BEGIN

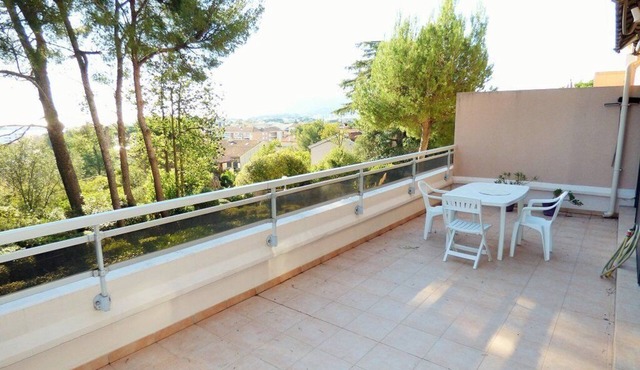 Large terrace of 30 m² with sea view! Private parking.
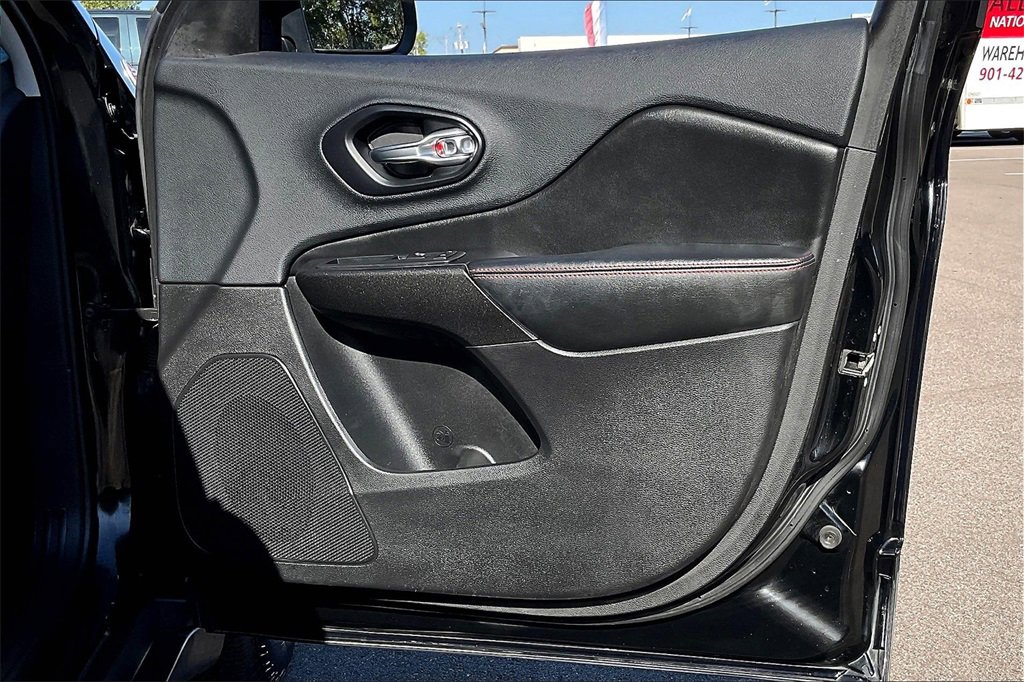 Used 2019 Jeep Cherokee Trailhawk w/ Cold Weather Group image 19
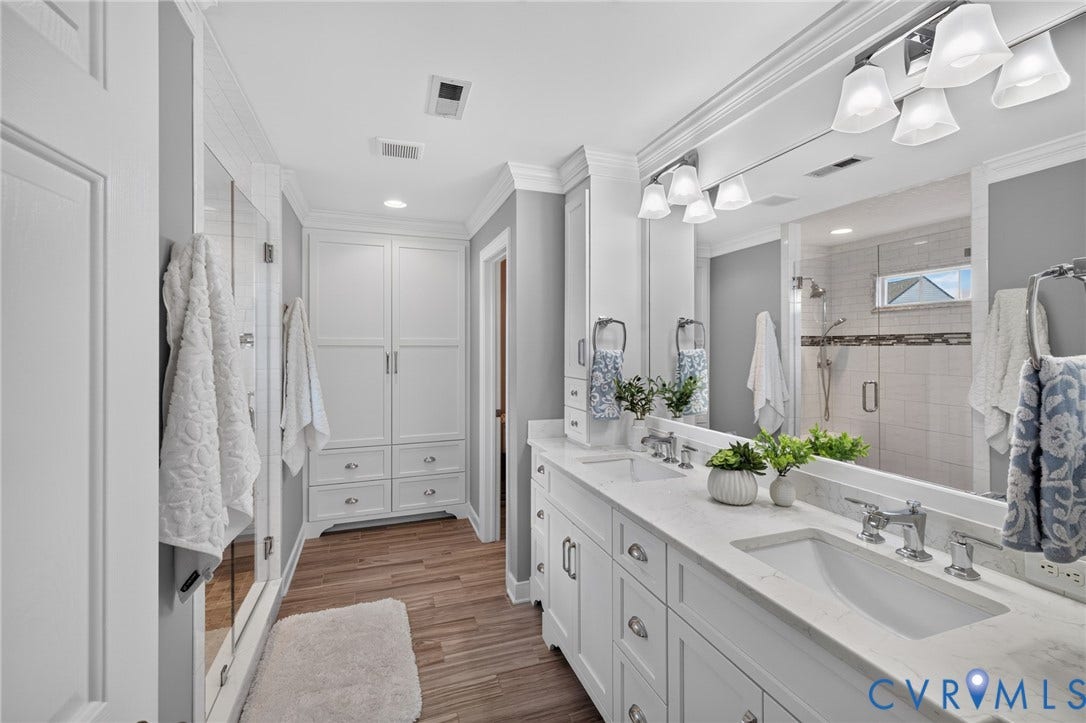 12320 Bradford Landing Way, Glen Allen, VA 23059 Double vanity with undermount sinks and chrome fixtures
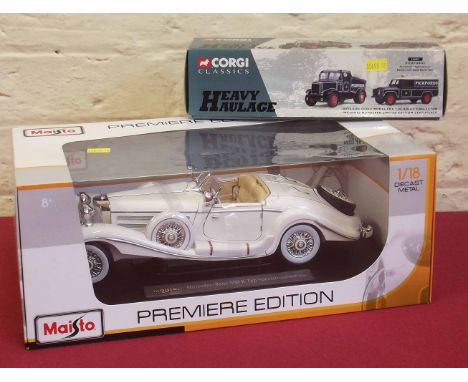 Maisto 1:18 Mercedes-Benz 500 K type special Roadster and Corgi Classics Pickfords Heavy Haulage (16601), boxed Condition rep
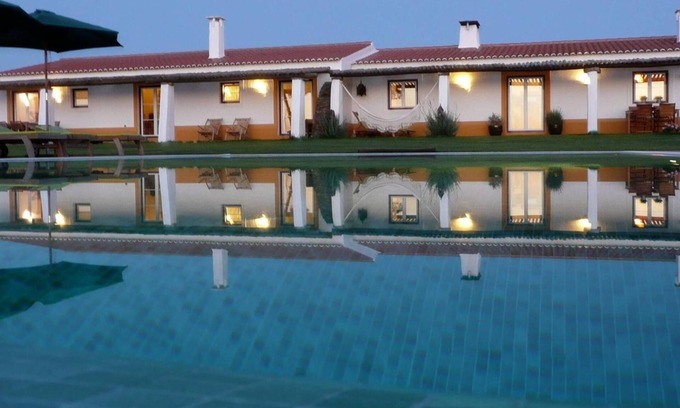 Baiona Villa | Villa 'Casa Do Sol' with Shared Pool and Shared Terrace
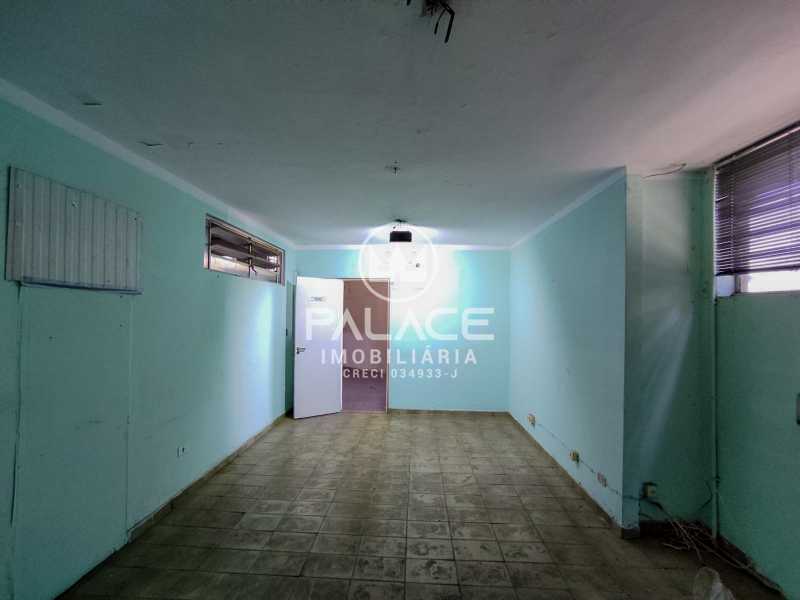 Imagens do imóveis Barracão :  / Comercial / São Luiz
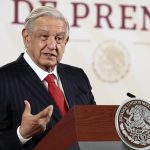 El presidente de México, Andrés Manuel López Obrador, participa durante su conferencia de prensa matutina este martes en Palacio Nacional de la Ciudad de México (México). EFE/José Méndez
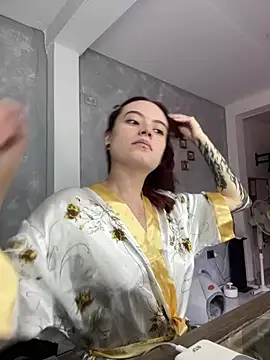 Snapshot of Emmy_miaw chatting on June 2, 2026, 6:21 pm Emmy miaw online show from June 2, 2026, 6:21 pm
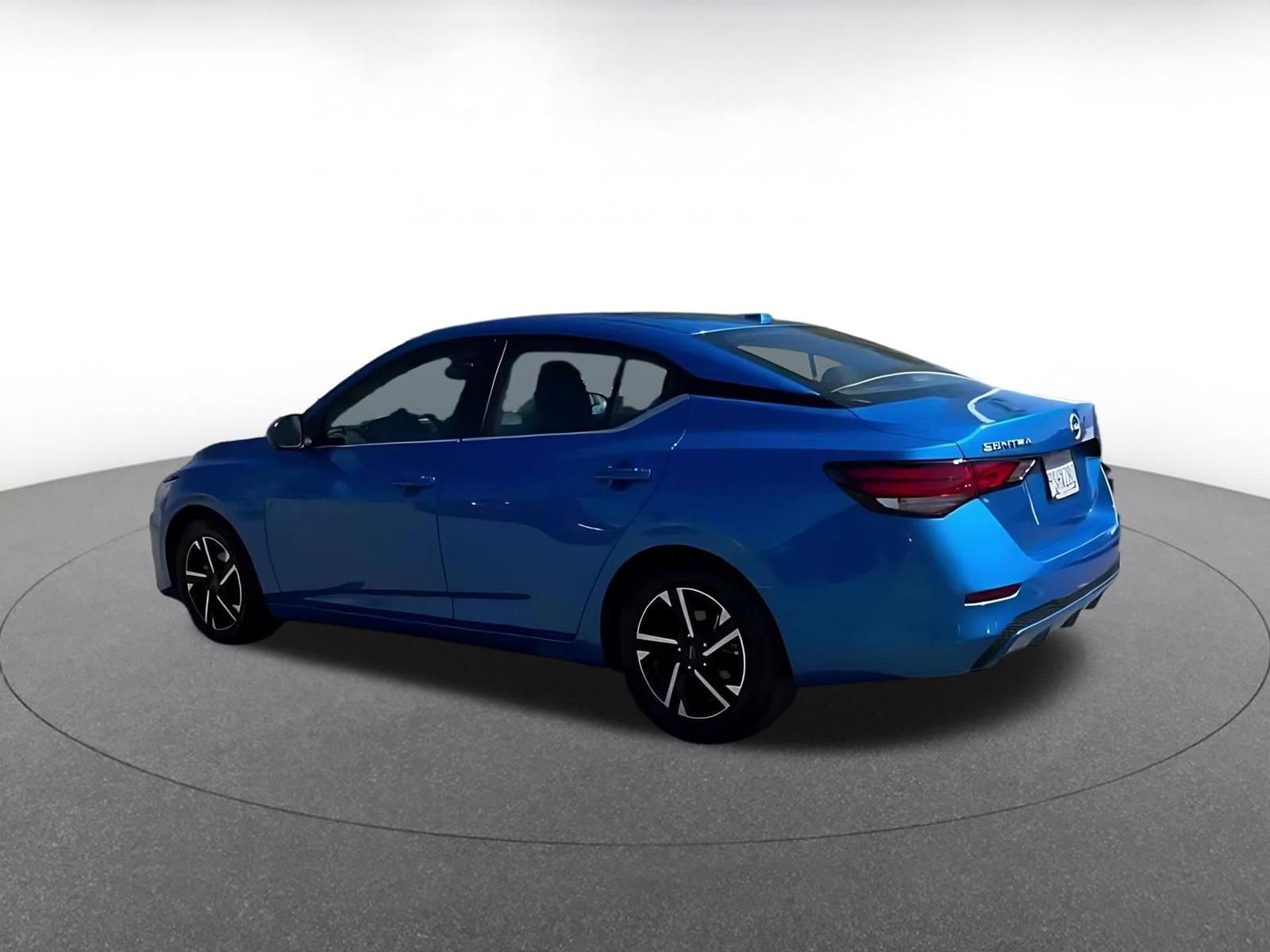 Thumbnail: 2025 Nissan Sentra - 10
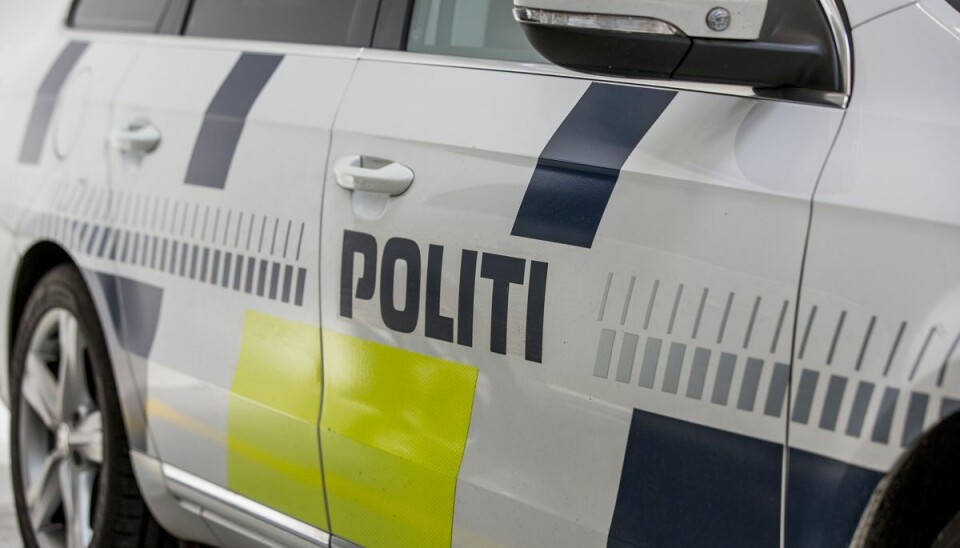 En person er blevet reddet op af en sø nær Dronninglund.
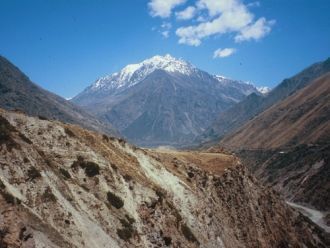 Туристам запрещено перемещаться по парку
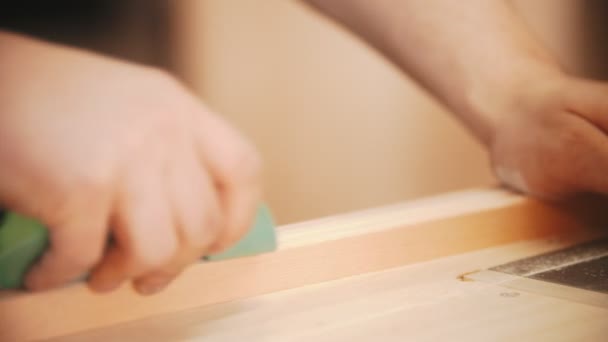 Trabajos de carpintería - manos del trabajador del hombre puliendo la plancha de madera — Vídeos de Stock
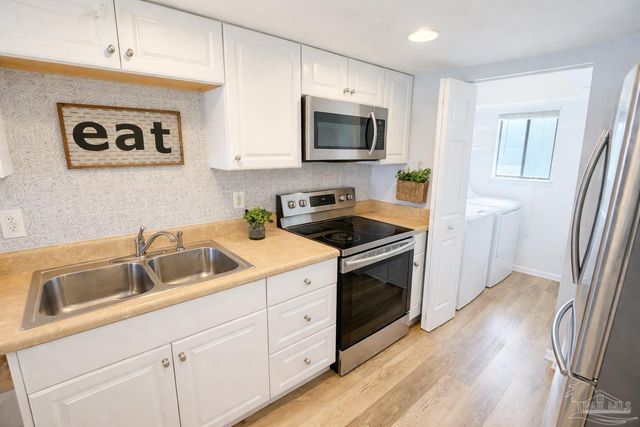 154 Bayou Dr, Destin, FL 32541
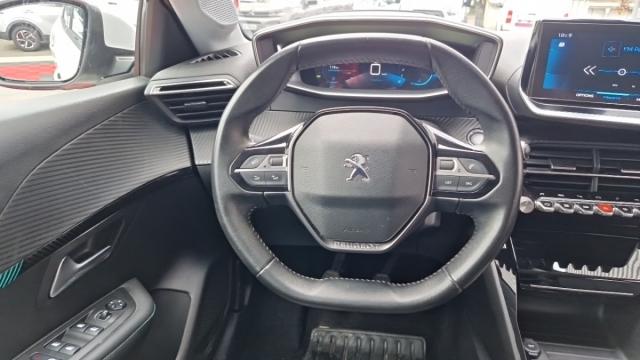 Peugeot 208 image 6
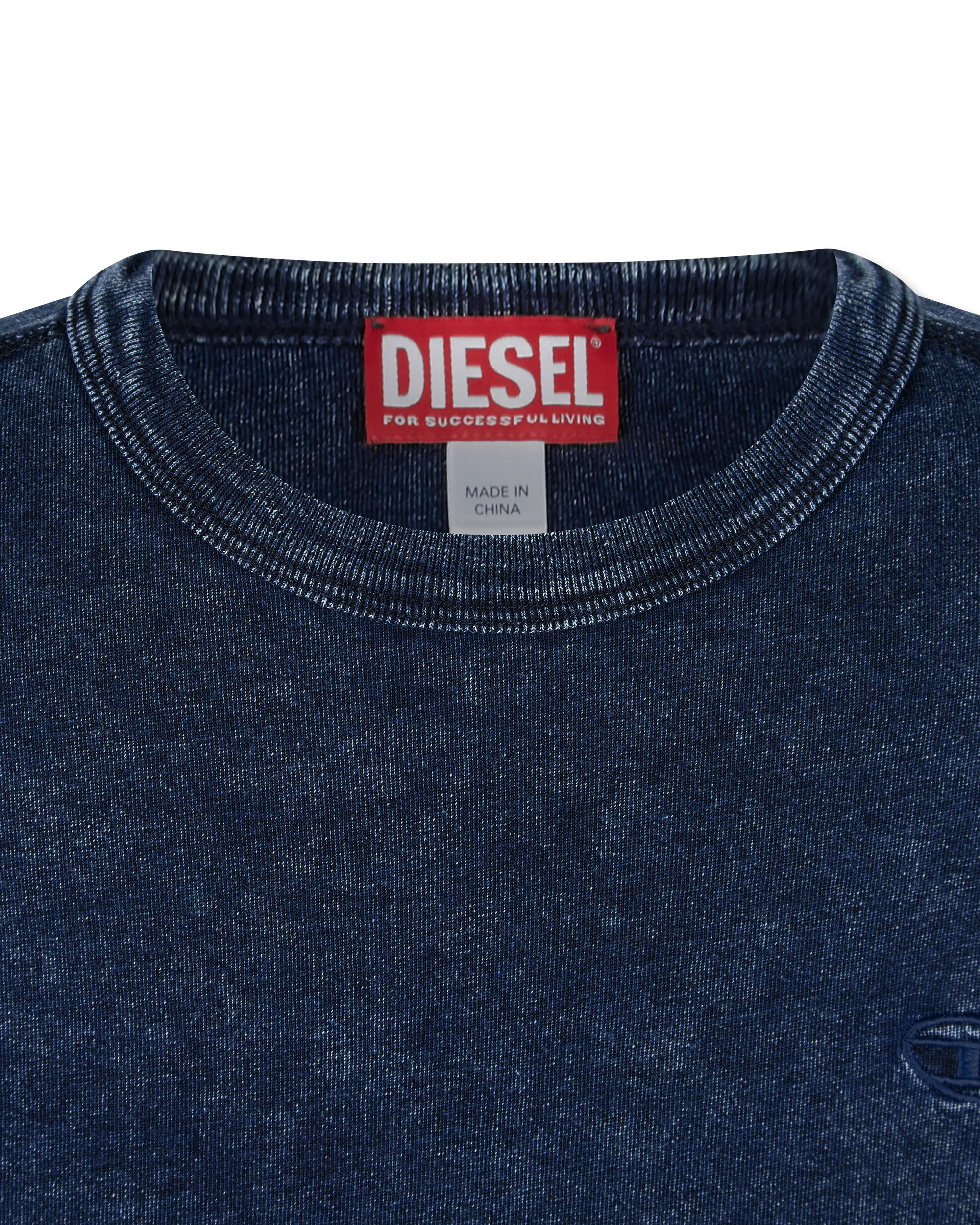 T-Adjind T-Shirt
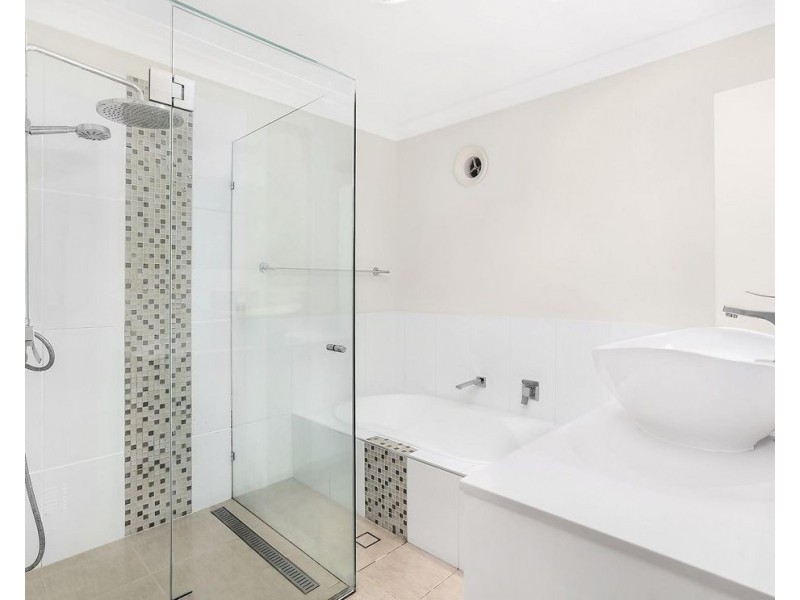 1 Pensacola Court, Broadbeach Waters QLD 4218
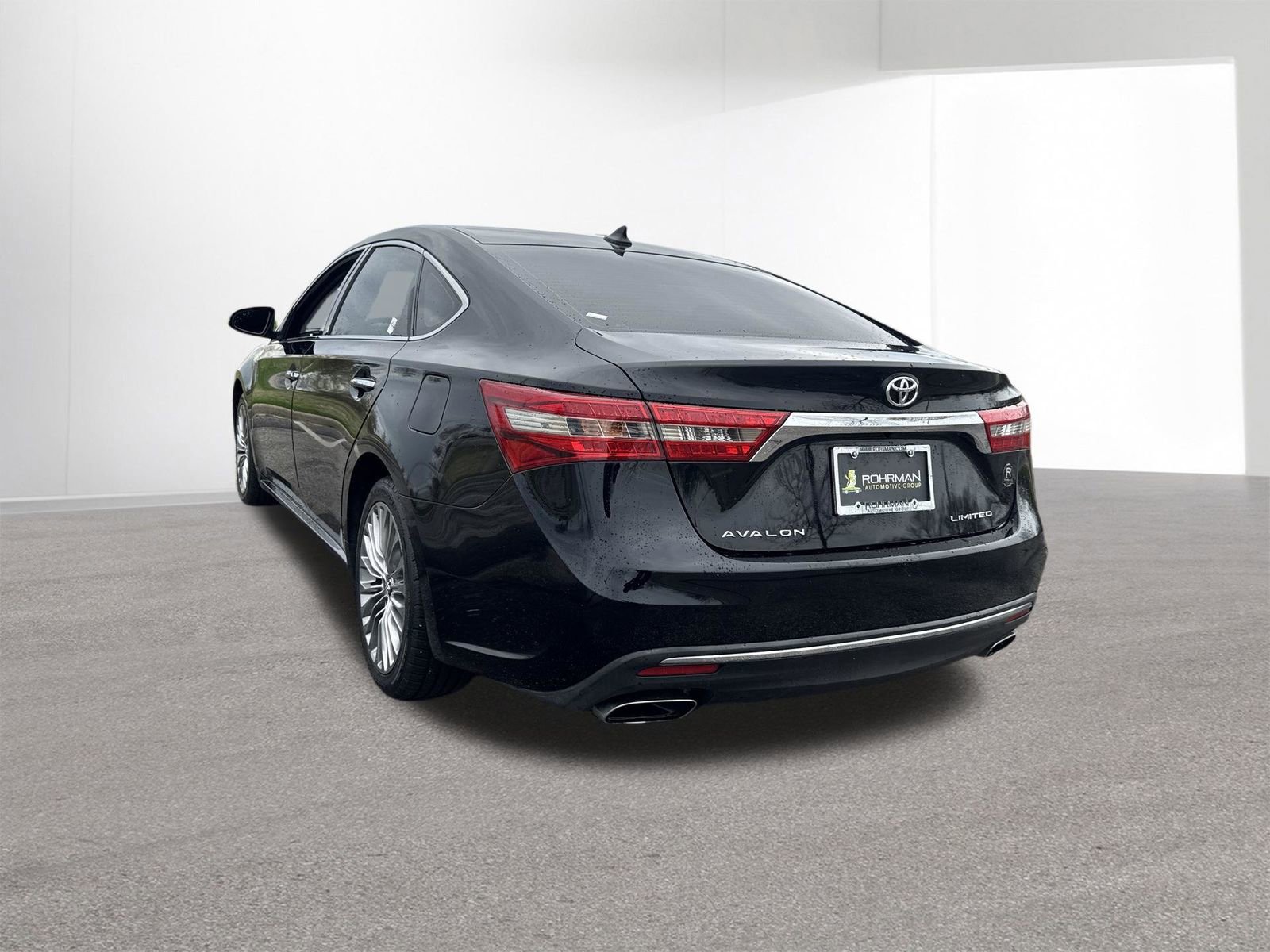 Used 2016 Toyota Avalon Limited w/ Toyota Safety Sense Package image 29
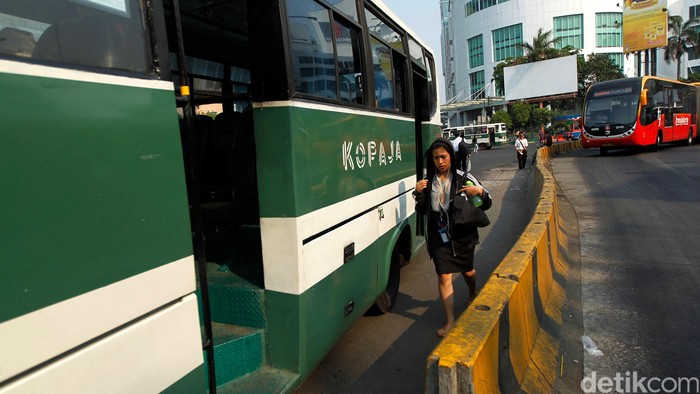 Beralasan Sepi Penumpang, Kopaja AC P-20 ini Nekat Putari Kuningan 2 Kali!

END

## Activity:
Repeat the material exactly, without images.

## Result of this exercise:
 Large terrace of 30 m² with sea view! Private parking.
 Used 2019 Jeep Cherokee Trailhawk w/ Cold Weather Group image 19
 12320 Bradford Landing Way, Glen Allen, VA 23059 Double vanity with undermount sinks and chrome fixtures
 Maisto 1:18 Mercedes-Benz 500 K type special Roadster and Corgi Classics Pickfords Heavy Haulage (16601), boxed Condition rep
 Baiona Villa | Villa 'Casa Do Sol' with Shared Pool and Shared Terrace
 Imagens do imóveis Barracão :  / Comercial / São Luiz
 El presidente de México, Andrés Manuel López Obrador, participa durante su conferencia de prensa matutina este martes en Palacio Nacional de la Ciudad de México (México). EFE/José Méndez
 Snapshot of Emmy_miaw chatting on June 2, 2026, 6:21 pm Emmy miaw online show from June 2, 2026, 6:21 pm
 Thumbnail: 2025 Nissan Sentra - 10
 En person er blevet reddet op af en sø nær Dronninglund.
 Туристам запрещено перемещаться по парку
 Trabajos de carpintería - manos del trabajador del hombre puliendo la plancha de madera — Vídeos de Stock
 154 Bayou Dr, Destin, FL 32541
 Peugeot 208 image 6
 T-Adjind T-Shirt
 1 Pensacola Court, Broadbeach Waters QLD 4218
 Used 2016 Toyota Avalon Limited w/ Toyota Safety Sense Package image 29
 Beralasan Sepi Penumpang, Kopaja AC P-20 ini Nekat Putari Kuningan 2 Kali!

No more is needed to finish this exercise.